Exercise details:
Beginning with the very first line, please reproduce the entries exactly through the line containing "Parcela st. 474".

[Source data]
☆ ☆ ☆ ☆

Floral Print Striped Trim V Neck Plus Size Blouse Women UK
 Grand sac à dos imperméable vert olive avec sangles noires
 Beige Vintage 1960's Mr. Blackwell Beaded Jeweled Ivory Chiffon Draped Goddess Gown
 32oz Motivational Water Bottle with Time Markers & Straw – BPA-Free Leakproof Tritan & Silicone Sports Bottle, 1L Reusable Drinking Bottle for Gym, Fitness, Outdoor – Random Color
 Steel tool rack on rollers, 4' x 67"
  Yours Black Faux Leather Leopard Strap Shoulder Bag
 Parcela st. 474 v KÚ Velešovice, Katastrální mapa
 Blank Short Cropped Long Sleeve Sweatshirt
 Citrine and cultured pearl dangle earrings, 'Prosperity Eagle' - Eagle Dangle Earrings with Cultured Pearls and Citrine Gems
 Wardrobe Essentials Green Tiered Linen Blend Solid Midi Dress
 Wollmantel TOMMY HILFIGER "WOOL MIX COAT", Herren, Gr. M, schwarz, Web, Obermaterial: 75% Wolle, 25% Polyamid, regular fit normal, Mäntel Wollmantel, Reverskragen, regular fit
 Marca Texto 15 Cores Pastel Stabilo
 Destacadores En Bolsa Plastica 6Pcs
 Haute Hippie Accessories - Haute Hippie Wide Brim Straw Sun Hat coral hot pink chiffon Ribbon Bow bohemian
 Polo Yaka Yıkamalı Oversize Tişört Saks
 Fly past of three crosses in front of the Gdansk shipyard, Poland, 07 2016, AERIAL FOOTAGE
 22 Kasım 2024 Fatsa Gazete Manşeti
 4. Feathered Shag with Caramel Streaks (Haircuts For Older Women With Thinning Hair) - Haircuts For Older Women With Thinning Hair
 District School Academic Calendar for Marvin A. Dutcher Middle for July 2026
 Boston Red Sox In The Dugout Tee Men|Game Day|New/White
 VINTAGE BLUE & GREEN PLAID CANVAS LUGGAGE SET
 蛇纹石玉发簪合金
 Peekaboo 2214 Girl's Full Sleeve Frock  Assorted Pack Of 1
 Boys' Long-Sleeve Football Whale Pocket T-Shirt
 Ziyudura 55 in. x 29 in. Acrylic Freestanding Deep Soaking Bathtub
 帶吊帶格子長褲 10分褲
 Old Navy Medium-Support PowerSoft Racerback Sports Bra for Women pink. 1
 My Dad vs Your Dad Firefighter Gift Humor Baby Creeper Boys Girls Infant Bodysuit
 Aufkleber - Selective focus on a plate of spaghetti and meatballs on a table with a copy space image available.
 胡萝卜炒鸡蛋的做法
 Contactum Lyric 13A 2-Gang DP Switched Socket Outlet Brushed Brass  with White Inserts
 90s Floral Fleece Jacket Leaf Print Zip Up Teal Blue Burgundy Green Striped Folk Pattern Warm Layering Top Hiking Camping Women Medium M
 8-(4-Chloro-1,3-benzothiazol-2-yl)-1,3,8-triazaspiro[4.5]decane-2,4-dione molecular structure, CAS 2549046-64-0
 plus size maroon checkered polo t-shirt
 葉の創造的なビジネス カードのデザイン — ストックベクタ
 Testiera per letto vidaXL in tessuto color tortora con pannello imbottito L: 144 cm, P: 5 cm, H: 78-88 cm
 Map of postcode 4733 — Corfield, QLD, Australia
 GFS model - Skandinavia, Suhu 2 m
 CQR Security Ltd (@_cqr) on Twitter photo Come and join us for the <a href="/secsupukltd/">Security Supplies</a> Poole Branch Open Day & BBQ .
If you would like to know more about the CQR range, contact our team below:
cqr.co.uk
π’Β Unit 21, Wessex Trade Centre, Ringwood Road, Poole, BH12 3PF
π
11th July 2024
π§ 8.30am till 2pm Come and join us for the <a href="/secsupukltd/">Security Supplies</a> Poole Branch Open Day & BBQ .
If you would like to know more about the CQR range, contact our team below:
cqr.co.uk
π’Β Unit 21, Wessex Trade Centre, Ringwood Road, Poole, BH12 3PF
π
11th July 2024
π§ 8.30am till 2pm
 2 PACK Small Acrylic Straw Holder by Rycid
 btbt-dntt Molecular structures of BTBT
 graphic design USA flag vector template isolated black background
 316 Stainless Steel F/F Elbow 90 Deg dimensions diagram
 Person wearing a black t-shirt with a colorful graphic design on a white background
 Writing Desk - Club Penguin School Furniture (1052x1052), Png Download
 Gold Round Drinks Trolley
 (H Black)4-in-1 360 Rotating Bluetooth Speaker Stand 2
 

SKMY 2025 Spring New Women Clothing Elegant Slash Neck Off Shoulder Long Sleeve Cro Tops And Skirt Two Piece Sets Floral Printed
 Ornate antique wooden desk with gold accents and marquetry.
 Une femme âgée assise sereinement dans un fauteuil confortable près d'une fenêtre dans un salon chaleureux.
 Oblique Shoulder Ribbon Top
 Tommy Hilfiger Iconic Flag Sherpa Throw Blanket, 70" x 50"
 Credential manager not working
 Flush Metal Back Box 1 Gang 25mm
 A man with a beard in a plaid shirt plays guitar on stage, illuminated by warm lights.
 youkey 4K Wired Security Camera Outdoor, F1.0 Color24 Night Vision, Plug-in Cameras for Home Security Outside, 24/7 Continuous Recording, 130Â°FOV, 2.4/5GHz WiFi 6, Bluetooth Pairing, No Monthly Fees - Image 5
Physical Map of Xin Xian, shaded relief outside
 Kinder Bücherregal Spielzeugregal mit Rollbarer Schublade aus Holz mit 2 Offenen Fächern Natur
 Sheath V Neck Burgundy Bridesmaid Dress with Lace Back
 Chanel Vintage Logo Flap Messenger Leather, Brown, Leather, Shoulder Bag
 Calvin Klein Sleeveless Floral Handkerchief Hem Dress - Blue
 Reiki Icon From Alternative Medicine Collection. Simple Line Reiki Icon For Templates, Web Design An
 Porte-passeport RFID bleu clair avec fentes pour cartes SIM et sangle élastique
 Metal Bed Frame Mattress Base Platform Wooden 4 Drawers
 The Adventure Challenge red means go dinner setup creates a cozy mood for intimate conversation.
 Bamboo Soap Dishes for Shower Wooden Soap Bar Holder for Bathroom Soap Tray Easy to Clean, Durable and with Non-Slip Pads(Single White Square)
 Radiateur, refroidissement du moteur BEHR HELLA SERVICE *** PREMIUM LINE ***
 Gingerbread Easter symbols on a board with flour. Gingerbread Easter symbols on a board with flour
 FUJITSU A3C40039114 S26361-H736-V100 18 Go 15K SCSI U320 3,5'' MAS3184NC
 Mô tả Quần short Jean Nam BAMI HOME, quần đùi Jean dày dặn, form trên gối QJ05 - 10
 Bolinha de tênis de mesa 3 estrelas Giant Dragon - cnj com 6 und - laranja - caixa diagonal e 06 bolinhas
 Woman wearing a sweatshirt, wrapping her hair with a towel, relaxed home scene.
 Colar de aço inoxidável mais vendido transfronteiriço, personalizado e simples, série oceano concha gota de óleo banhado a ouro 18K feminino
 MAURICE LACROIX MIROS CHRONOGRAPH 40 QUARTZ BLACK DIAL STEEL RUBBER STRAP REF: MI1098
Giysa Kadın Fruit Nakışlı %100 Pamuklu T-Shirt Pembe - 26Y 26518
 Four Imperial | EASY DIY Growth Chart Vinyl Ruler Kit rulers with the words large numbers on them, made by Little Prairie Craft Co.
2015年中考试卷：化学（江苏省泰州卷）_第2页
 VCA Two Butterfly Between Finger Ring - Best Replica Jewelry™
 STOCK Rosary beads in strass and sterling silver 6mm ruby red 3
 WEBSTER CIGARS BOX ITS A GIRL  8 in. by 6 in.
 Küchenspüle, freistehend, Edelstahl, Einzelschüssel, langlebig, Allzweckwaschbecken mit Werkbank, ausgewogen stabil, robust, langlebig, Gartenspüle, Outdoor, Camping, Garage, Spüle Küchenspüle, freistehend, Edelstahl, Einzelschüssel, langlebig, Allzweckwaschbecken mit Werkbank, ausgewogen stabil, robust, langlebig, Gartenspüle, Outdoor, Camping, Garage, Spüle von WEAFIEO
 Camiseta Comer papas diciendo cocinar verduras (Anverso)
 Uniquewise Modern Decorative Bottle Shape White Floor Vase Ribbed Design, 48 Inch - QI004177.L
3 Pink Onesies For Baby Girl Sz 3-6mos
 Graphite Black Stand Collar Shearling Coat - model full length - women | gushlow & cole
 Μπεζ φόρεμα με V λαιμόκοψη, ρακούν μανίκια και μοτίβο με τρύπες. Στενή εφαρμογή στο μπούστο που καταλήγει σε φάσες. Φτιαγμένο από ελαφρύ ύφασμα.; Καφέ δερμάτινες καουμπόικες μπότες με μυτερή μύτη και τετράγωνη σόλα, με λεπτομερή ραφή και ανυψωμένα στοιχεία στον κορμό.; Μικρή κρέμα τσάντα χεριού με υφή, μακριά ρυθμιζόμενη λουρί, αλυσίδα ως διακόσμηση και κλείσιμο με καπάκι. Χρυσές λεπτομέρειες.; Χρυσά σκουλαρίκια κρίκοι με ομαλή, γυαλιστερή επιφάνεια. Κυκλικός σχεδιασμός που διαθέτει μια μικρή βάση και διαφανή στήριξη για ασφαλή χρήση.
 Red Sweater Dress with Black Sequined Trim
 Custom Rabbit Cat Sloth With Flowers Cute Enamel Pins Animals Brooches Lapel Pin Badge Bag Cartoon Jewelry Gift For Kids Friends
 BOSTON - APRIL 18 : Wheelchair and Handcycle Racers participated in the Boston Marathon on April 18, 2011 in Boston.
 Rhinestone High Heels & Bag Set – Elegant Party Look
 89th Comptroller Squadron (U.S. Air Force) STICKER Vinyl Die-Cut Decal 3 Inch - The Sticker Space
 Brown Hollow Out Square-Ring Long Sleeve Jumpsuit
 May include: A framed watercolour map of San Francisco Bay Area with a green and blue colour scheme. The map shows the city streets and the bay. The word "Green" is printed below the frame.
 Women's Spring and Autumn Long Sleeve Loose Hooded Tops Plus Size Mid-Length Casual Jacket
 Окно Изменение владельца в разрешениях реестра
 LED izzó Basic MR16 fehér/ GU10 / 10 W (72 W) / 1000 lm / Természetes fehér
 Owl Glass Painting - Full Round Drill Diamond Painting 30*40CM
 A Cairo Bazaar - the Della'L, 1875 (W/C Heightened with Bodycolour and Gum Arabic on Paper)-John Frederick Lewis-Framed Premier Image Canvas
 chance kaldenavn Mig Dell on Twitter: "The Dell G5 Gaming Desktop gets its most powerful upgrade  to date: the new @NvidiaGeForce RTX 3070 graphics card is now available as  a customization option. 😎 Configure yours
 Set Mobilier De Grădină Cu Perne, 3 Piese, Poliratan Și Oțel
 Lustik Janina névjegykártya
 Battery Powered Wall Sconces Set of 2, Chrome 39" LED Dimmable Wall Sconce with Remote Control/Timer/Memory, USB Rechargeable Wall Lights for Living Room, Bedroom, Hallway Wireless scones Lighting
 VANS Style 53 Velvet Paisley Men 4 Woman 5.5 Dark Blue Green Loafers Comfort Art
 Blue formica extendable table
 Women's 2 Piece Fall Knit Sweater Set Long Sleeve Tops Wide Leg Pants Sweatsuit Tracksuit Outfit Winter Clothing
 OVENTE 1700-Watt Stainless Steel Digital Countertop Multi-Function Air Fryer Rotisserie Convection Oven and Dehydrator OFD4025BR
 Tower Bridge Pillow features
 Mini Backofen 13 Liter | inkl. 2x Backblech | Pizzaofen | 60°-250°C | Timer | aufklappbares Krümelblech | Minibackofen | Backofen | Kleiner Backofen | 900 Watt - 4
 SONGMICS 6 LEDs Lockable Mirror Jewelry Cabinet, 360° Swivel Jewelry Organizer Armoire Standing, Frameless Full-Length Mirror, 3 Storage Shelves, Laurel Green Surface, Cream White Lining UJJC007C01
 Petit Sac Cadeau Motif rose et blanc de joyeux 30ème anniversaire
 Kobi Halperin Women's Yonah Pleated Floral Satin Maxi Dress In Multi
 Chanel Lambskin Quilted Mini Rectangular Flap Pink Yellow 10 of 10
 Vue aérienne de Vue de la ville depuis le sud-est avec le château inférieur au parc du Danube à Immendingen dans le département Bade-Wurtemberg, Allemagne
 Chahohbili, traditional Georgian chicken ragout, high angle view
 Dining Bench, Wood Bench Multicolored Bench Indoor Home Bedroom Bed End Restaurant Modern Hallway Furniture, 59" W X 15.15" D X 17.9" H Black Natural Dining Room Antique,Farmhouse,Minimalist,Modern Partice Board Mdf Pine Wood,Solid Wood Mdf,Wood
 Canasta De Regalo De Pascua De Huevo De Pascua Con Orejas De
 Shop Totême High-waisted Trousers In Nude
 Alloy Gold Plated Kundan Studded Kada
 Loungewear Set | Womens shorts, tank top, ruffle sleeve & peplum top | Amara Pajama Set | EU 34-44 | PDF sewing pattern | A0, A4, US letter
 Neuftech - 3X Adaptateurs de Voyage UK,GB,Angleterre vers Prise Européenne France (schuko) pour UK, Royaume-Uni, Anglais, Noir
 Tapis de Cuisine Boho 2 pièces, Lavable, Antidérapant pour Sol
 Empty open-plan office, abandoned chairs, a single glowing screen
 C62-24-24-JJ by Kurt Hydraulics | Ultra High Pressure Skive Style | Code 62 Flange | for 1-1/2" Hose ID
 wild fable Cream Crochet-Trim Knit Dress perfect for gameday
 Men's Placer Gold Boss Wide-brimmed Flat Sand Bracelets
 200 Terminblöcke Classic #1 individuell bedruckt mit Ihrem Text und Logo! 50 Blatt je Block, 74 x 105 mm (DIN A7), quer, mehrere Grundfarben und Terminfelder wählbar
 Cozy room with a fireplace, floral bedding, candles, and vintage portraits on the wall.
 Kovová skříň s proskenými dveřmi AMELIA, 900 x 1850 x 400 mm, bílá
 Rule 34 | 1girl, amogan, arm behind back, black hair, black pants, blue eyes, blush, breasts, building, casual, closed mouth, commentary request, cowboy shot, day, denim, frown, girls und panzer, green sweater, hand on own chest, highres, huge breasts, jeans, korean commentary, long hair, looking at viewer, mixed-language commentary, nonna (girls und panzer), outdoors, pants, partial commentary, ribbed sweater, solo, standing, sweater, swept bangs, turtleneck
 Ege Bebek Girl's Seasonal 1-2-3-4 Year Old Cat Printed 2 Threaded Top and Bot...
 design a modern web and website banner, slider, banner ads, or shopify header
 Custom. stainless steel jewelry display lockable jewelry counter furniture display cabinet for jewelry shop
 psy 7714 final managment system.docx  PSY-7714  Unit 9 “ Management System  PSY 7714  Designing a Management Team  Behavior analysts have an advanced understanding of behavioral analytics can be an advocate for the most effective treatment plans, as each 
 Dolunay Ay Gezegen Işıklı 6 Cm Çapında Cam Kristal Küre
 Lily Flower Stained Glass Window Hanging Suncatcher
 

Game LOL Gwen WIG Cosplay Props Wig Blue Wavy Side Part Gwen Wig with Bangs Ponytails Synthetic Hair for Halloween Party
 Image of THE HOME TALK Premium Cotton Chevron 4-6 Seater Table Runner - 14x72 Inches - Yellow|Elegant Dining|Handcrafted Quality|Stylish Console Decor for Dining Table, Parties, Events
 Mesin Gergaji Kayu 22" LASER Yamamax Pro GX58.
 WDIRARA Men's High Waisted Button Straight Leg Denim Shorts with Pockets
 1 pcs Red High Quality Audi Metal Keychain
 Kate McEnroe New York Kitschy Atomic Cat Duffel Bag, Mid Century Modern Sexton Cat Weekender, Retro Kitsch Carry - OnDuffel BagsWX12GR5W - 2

☆ ☆ ☆ ☆

Finished task:
Floral Print Striped Trim V Neck Plus Size Blouse Women UK
 Grand sac à dos imperméable vert olive avec sangles noires
 Beige Vintage 1960's Mr. Blackwell Beaded Jeweled Ivory Chiffon Draped Goddess Gown
 32oz Motivational Water Bottle with Time Markers & Straw – BPA-Free Leakproof Tritan & Silicone Sports Bottle, 1L Reusable Drinking Bottle for Gym, Fitness, Outdoor – Random Color
 Steel tool rack on rollers, 4' x 67"
  Yours Black Faux Leather Leopard Strap Shoulder Bag
 Parcela st. 474 v KÚ Velešovice, Katastrální mapa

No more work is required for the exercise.